**What the task asks**
Lines that contain the string "Model" are the ones to list; copy all of them from the records.

The data Block Start

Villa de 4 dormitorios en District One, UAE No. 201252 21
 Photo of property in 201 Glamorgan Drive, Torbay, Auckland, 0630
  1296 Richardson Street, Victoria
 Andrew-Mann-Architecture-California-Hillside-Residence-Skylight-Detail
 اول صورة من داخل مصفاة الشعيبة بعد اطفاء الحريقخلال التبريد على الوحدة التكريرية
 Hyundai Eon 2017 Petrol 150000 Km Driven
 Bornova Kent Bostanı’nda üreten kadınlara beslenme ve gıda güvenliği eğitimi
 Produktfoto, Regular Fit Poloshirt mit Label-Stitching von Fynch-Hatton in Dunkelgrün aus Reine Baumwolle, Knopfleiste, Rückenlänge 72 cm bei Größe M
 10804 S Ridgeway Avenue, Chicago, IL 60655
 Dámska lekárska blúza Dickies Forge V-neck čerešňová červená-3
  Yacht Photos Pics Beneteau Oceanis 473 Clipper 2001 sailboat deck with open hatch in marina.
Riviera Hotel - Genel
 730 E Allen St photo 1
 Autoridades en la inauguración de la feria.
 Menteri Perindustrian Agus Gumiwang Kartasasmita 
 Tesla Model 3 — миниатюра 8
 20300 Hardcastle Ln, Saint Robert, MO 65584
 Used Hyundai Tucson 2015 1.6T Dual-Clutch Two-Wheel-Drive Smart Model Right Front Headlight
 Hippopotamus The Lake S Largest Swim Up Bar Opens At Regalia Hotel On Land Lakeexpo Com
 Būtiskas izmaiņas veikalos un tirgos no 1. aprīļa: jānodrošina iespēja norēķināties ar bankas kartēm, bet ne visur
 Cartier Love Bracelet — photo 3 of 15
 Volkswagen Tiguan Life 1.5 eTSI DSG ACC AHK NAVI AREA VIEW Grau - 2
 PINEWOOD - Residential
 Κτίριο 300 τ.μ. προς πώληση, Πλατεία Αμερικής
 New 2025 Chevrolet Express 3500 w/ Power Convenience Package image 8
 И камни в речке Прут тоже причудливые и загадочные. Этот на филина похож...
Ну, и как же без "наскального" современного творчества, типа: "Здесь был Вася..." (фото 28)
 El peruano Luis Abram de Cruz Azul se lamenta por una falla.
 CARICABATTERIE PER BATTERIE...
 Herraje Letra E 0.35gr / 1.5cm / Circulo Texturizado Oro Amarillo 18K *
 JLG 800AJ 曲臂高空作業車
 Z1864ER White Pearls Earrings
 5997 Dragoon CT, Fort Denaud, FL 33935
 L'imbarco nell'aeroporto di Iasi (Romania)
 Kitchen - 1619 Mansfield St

The data Block End

**Task solution**
 Tesla Model 3 — миниатюра 8
 Used Hyundai Tucson 2015 1.6T Dual-Clutch Two-Wheel-Drive Smart Model Right Front Headlight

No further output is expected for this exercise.